### EXERCISE MATERIAL
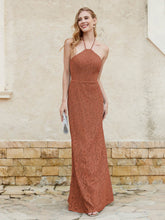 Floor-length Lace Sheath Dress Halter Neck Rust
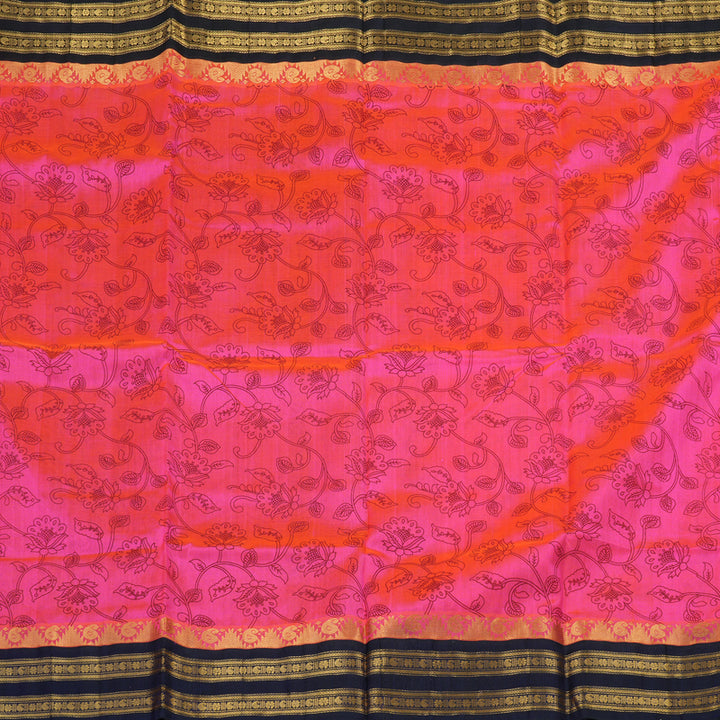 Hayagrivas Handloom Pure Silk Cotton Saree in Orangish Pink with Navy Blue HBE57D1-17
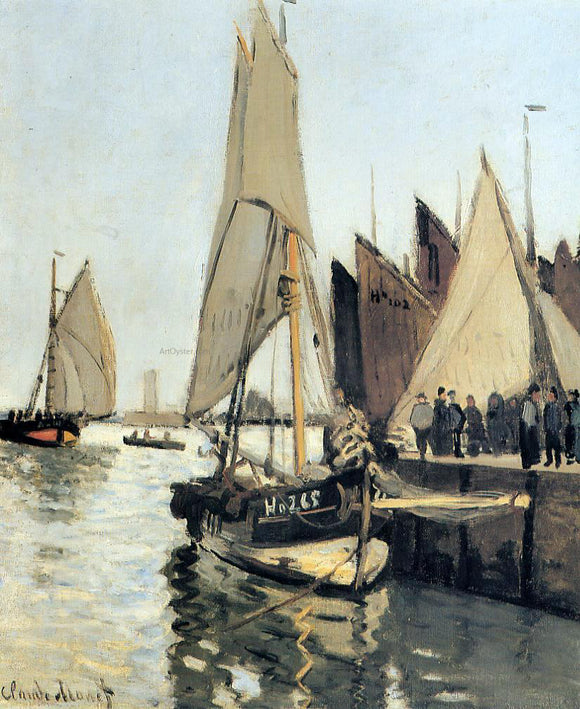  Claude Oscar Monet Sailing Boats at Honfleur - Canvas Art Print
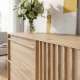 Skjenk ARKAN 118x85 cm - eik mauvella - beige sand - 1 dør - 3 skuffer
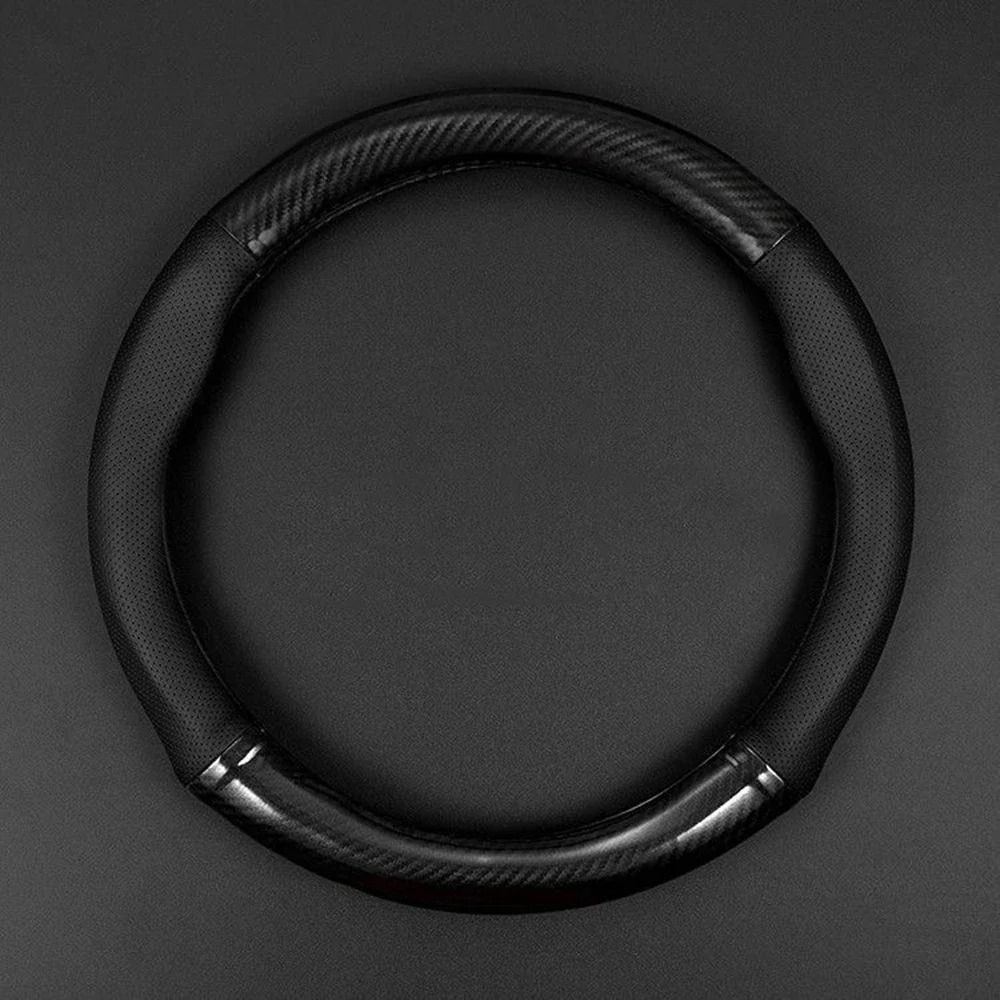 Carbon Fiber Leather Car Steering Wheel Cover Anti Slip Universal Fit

### AIM OF THE EXERCISE
Write the listing above out again exactly, but not the images it holds.

### RESULT OF THIS TASK
 Floor-length Lace Sheath Dress Halter Neck Rust
 Hayagrivas Handloom Pure Silk Cotton Saree in Orangish Pink with Navy Blue HBE57D1-17
  Claude Oscar Monet Sailing Boats at Honfleur - Canvas Art Print
 Skjenk ARKAN 118x85 cm - eik mauvella - beige sand - 1 dør - 3 skuffer
 Carbon Fiber Leather Car Steering Wheel Cover Anti Slip Universal Fit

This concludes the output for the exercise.